Verizon (NYSE: VZ) waded further into sponsored content, issuing an update to its Go90 app this week that enables Verizon's postpaid users to stream content through the app on the carrier's LTE network without incurring additional data charges. Other Go90 activity such as browsing, downloading, clipping and sharing content will continue to incur data charges.

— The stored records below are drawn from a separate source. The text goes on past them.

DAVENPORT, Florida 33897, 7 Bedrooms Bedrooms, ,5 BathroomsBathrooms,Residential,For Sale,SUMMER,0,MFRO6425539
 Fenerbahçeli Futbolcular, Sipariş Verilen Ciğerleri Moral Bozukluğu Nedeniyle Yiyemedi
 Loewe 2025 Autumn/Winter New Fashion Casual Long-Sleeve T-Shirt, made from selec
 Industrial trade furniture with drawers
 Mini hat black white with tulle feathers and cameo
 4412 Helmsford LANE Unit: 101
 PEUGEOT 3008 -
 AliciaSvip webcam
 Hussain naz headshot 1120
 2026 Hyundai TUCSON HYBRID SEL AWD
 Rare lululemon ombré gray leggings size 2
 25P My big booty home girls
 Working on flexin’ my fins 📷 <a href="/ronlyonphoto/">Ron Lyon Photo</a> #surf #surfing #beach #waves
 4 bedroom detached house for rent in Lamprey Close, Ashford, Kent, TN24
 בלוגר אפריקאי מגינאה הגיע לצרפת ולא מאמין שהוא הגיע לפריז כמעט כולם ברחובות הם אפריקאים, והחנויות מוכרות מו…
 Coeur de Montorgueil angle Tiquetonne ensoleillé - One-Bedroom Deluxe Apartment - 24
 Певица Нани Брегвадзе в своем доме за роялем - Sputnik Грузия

The zero-rated video is available through FreeBee Data 360, a new Verizon program that enables content providers to deliver some or all of their content through an app or mobile site without having an impact on users' monthly data allotments. While some consumers are sure to appreciate the free video, Verizon risks being criticized for favoring deep-pocketed content companies at the expense of smaller providers that can't afford to sponsor their data.
That's especially dangerous for Verizon, a media company in its own right thanks to the acquisition of AOL, which also owns Engadget, the Huffington Post and other outlets.
"It seems like a fairly clear breach of net neutrality as most people define it -- treating your own content preferentially," tweeted analyst Jan Dawson.
Verizon launched Go90 last fall in an effort to deliver ad-supported video to users across mobile networks. After a somewhat sluggish start, the app reportedly has notched 2.7 million downloads. And it's likely to get a sizable boost Sunday, when smartphone owners can use the app to watch the Super Bowl.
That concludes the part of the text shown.